I remember feeling this way with Mono and have felt it when Nerdist is in love. No one could tell me I was over reacting that's for sure. :D

Yup, waiting it out and going with it seems to be the best bet. The change comes for the other when its settled down and there is a chance to get to really know the new person in their regular state. At least that has been my experience this far.
 
But RP...those moments in the beginning of a relationship can really create a great bond. I am thinking of when i was single. Those times when the hormones are racing, everything around you seems a blur, the rush of blood through the body...Its an untouchable tangible feeling that is unique to each merging.

I admit, it has lots of downs, and that is where controlling it, or tapering it, is key. But to hold back and wait for it to die out, I would think would have two affects

a) make it worse once you meet up like a balloon slowly filling with air, when you meet up it finally pops...
b) you miss out on the good of nre and possibly end up not having any connection beyond the friendship (ok this isn't ALWAYS bad, but I hope you get my meaning) Sometimes the NRE is a bond that can create the beginning of a relationship.

I 100% agree once a connection is made, that is wonderful and amazing btw. But those moments in beginning are so unique per connection that I personally would hate to loose that. I sometimes truly treasure those moments when I think back on relationships.

Very interesting perspective RP :)
 
Strangely enough, your (b) sounds a bit like Cajun and I. When we first met there was a little NRE, but nothing anywhere close to the NRE I have felt with others before or since. Although I don't think either of us consciously tried to hold back the NRE, it just never really revved up, yet we have a stronger relationship than so many I know who have gone through the strong NRE feelings.

I also wonder if the big draw for me to an open/poly relationship is the NRE... something for me to really think about.
 
Is This Just New Relationship Energy?

I have a question I could use some advice on from some seasoned Poly people.

I've been polyamorous for quite a while now, and have had a number of different partners (one of those have been constant the whole time).

I met someone new recently and I'm feeling something I haven't felt before.

I'm feeling a decided preference for this one person; a longing to be with them that in all honesty is stronger than my desire to be with the others. Sometimes I resent the time I'm spending with the others because its not with him...

This feeling has been plaguing me for a while now; I can't seem to shake it.

How do I know if this is just 'new relationship energy', or there is a more fundamental issue here? How long would you wait to see if that 'new energy' wears off?
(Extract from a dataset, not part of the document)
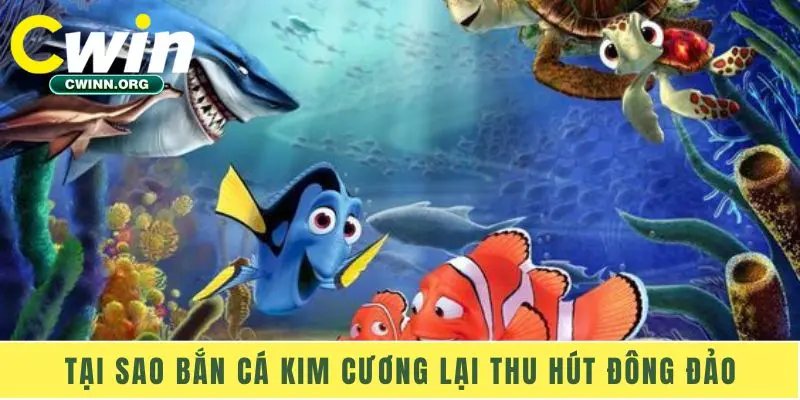 Tại sao Bắn Cá Kim Cương lại thu hút đông đảo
I feel on some level as if I'm being dishonest with my other partners - we don't do the whole 'primary/secondary' thing. My other partners are really, honestly, amazing people; there is no rational reason that I would not want to be with them. They are awesome boyfriends. But....what do I do?
 
I think NRE lasts about 6 months. It can last longer if you rarely see each other. Your results may vary. :)
 
First off, relax. :)

There may be something to it, but as you are right to question, it could just be the NRE. I have had a similar experience and after the NRE wore off, I still have that strong feeling of connection but the need to be with him all the time has worn off.

If you are worried that you are neglecting your other relationships, talk to them. Find out what they think and feel. They may be very understanding that you are dealing with NRE or they may be hurt in which case you do need to take a step back and work on those relationships again with the knowledge that it can make your new relationship even better.

Good luck!
 
I agree.....6 months to 12 months would be the average NRE length. Again, depending how much time you spend together. You didn't really give us very many details at all, so we don't have much to go on.
There are a lot of really awesome people here and you can get a lot of really good feedback. There is such a wide variety of people here that it's difficult to made assumtptions.
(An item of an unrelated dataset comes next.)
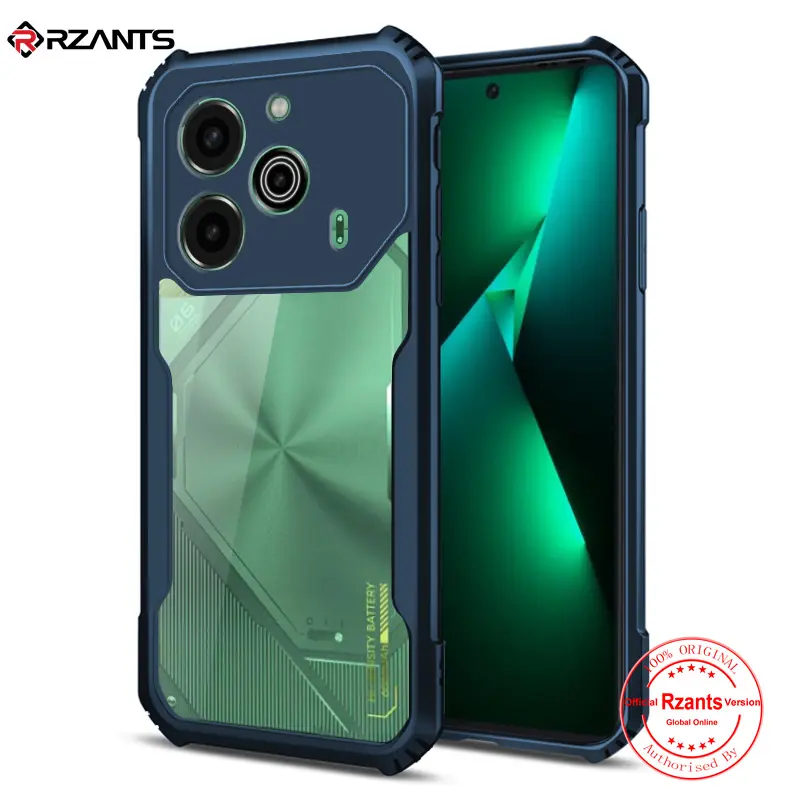 Rzants For Tecno Pova 6 Pro 5G Case Slim Cover Casing Camera Protection Small Hole Phone Shell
Some of the basic things that you might want to share are:

Your age and the ages of your partners.
Your gender and the genders of your partners.
You said. "I've been polyamorous for quite a while now".....What is "quite a while"? Is it 1 year, 10 years, 20 years??
You've been knowing this new person for "quite a while now"....how long is that? 2 months, 1 year, more???

This info might help people get a feel for who you are and be able to respond better !!!
 
to add my 2 cents. I feel it's all NRE. But only time will tell. I don't know how close you are with your boyfriends...however, in my opinion for the nre to go over smoothly there need 2 be compromises.

#1. You boyfriends and you need to talk about how they need to prepare for a relatively decent loss of time, as you are going to want to spend a lot of time with this one guy
#2. Because you having alot of feelings for you awesome boyfriends, you need to give some slack to them and allow them to express whenever they feel they really really want or need some time with you. And it falls upon to you to muster up the mental strength to give your individual relationships all you can while you mind is going over and over how awesome this new guy is.

This way I feel all is balanced, and as such you get the spend the extra time with this new guy and develop that relationship however you see fit. Maybe it might develop into a monog, maybe the energy might die down a lot. It's best to live truthfully in these situations so everything can go about in a natural flow.
 
I'm feeling a decided preference for this one person; a longing to be with them that in all honesty is stronger than my desire to be with the others. Sometimes I resent the time I'm spending with the others because its not with him...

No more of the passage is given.